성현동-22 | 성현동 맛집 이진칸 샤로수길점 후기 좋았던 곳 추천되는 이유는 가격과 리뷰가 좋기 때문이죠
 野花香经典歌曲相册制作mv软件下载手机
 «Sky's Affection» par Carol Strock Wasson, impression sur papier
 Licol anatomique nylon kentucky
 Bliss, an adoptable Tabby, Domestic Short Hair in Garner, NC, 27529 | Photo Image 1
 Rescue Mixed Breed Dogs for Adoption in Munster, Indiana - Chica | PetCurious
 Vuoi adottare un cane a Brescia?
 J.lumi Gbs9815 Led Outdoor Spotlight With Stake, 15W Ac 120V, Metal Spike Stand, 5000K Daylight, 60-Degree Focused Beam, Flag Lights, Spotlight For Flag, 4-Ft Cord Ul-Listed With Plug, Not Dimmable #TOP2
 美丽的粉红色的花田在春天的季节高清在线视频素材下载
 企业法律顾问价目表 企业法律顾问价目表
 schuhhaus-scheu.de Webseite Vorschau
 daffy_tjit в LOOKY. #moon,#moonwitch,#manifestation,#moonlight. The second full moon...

AIM OF THE TASK: Using the records above, output exactly the lines from the one containing "Rescue Mixed Breed" through the last line, and no others.

RESPONSE:
 Rescue Mixed Breed Dogs for Adoption in Munster, Indiana - Chica | PetCurious
 Vuoi adottare un cane a Brescia?
 J.lumi Gbs9815 Led Outdoor Spotlight With Stake, 15W Ac 120V, Metal Spike Stand, 5000K Daylight, 60-Degree Focused Beam, Flag Lights, Spotlight For Flag, 4-Ft Cord Ul-Listed With Plug, Not Dimmable #TOP2
 美丽的粉红色的花田在春天的季节高清在线视频素材下载
 企业法律顾问价目表 企业法律顾问价目表
 schuhhaus-scheu.de Webseite Vorschau
 daffy_tjit в LOOKY. #moon,#moonwitch,#manifestation,#moonlight. The second full moon...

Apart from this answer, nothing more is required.